One template per catalog item
Each catalog item should have an associated ticket template (Setup > Dropdowns > Ticket templates). The template pre-fills the ticket type (Request), assigns the correct category, sets the target group, and includes mandatory fields specific to that request. For a "New employee setup" request, the template should ask for start date, department, required applications, and manager for approval. For "Request a monitor," it might just need the office location.
Approval workflows
Some requests need manager approval before fulfillment. GLPI handles this through validation rules on the ticket. Configure approval requirements per category. A request for a standard mouse does not need sign-off. A request for admin access to a production server does. Set these rules in the business rules engine so they trigger automatically based on the category.
Service catalog vs. request catalog
There is a useful distinction between these two concepts. A service catalog describes what IT provides at a strategic level: email service, endpoint management, network connectivity.
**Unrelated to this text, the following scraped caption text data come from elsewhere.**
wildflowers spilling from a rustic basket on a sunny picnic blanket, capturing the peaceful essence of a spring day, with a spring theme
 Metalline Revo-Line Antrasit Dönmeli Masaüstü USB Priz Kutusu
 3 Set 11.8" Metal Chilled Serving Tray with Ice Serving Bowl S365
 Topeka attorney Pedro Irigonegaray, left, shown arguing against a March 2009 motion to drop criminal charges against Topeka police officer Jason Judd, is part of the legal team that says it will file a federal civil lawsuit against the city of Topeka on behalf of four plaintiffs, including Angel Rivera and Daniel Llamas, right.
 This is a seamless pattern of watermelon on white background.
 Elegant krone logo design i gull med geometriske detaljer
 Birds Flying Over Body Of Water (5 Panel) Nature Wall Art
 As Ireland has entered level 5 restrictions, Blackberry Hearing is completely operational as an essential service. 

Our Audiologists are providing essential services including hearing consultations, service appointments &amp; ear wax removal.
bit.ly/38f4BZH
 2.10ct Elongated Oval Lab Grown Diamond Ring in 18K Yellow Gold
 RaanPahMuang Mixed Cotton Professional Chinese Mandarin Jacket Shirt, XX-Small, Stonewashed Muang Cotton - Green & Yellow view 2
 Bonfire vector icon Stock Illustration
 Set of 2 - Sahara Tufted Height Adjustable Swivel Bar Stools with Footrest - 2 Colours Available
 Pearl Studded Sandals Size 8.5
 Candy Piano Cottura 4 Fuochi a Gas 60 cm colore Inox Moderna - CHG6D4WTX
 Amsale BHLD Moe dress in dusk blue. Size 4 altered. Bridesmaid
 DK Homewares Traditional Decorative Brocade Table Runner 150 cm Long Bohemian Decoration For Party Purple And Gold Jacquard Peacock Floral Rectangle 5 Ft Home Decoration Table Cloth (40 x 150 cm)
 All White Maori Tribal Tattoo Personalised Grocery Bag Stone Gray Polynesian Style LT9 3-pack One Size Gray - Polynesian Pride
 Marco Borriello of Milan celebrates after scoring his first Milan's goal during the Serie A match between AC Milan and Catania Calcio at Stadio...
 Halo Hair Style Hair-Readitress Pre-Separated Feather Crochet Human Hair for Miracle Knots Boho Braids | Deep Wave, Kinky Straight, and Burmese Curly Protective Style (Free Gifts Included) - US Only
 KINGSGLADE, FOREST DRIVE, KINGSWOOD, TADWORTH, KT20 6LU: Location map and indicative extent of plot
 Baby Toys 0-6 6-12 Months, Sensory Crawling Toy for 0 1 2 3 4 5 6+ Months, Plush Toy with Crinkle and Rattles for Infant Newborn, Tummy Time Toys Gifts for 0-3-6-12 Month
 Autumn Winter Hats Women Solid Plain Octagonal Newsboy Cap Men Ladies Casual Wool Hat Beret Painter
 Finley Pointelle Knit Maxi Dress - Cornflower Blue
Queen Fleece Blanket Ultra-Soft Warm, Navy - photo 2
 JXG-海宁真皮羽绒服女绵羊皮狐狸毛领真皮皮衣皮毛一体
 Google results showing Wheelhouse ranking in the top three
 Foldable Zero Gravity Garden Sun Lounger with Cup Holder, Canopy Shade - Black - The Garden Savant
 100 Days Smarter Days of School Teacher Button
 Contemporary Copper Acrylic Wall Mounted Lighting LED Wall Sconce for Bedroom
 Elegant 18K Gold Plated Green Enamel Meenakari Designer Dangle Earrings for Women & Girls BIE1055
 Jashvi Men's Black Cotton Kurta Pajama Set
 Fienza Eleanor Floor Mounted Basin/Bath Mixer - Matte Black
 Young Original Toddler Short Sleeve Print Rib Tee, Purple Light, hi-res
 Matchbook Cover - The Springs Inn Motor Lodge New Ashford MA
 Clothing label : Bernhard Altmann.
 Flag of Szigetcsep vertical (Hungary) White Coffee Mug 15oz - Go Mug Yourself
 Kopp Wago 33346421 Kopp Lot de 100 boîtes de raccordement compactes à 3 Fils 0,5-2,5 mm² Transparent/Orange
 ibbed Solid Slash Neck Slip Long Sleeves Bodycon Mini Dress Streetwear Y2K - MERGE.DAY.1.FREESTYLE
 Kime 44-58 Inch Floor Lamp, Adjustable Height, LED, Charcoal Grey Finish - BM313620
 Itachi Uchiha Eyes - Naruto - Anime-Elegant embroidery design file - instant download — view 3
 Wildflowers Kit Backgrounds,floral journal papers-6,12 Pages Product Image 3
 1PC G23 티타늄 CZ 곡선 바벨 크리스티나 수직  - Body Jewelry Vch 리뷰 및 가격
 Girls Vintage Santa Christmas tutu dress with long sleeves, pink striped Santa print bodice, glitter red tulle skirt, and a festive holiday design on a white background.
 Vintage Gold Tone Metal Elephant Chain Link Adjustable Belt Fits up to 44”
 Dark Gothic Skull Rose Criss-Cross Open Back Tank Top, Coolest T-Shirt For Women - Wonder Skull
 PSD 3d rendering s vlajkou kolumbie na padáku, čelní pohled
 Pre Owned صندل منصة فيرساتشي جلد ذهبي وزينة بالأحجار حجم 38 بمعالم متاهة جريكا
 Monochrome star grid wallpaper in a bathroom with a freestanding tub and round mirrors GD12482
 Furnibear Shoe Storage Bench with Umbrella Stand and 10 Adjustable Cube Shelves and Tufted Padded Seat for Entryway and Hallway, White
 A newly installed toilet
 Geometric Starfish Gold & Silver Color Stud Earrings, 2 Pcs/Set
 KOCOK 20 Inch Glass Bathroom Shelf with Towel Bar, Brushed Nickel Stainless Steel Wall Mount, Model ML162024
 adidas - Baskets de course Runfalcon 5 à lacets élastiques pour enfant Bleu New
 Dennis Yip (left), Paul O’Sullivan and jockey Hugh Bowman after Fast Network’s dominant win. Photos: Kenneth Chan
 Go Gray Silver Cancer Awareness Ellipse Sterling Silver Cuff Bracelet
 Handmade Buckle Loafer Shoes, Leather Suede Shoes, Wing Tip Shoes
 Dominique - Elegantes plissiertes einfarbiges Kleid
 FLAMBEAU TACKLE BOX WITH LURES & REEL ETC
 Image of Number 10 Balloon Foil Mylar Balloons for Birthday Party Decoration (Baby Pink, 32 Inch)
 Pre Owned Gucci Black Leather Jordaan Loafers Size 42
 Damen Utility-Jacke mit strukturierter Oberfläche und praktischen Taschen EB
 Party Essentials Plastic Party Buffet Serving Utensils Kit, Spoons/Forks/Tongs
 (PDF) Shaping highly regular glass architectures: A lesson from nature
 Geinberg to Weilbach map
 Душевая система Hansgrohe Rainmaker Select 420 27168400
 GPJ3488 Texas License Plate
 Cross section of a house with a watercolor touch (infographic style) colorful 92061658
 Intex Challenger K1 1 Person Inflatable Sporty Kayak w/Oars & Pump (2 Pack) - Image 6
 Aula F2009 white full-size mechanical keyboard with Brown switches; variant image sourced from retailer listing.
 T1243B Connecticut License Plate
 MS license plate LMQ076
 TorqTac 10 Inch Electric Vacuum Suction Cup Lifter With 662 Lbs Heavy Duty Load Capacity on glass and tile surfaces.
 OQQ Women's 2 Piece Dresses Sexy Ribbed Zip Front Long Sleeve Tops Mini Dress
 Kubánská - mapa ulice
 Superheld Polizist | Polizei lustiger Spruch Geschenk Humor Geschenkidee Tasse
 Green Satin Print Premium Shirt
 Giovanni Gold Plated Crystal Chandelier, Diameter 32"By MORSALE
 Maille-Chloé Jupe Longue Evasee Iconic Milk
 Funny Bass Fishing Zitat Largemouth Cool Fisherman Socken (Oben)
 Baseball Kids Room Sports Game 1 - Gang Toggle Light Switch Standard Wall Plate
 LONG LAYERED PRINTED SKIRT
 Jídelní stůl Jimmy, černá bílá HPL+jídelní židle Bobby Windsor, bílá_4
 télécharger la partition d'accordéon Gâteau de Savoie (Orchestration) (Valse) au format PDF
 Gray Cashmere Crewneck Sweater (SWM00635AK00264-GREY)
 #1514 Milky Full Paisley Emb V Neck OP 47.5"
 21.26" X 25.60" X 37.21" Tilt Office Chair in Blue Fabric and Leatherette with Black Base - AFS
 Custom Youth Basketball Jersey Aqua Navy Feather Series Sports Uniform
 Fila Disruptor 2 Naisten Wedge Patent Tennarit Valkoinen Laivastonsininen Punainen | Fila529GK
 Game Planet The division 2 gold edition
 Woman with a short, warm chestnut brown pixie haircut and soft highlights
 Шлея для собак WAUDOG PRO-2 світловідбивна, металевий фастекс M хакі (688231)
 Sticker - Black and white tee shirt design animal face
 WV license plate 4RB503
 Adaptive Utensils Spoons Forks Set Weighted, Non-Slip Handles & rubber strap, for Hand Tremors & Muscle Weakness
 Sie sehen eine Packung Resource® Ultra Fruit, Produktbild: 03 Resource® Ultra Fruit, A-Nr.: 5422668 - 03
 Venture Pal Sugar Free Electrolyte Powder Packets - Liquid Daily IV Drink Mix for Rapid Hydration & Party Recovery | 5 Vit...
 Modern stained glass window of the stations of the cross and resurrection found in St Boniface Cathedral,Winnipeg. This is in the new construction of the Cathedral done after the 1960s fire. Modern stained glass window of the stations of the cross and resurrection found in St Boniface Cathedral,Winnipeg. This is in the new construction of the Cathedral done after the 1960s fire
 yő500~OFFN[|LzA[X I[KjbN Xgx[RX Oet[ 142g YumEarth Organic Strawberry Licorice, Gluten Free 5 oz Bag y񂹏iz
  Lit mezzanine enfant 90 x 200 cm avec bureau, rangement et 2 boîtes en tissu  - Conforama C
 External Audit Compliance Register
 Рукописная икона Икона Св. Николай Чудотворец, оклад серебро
A request catalog is the operational menu: the specific things users can order. GLPI’s ticket category tree serves as the request catalog. The broader service catalog, if you need one, lives in documentation or a CMDB service object that maps to multiple request categories.
For most organizations under 500 employees, a well-structured request catalog in GLPI is sufficient. You do not need both unless your governance framework requires it.
Keeping it alive
A catalog that is not maintained becomes a graveyard of irrelevant options. Review it quarterly. Check which categories have zero tickets in the last 90 days. Retire them or merge them. Check which categories have the most "Other" or "General" selections, because that signals the catalog does not cover something users actually need.
Add new items when you see the same freetext request appear three or more times. If users keep typing "I need a second monitor" in miscellaneous tickets, that is a catalog item waiting to be created.
A good service catalog is a living document expressed through GLPI configuration. Treat it like a product, not a project.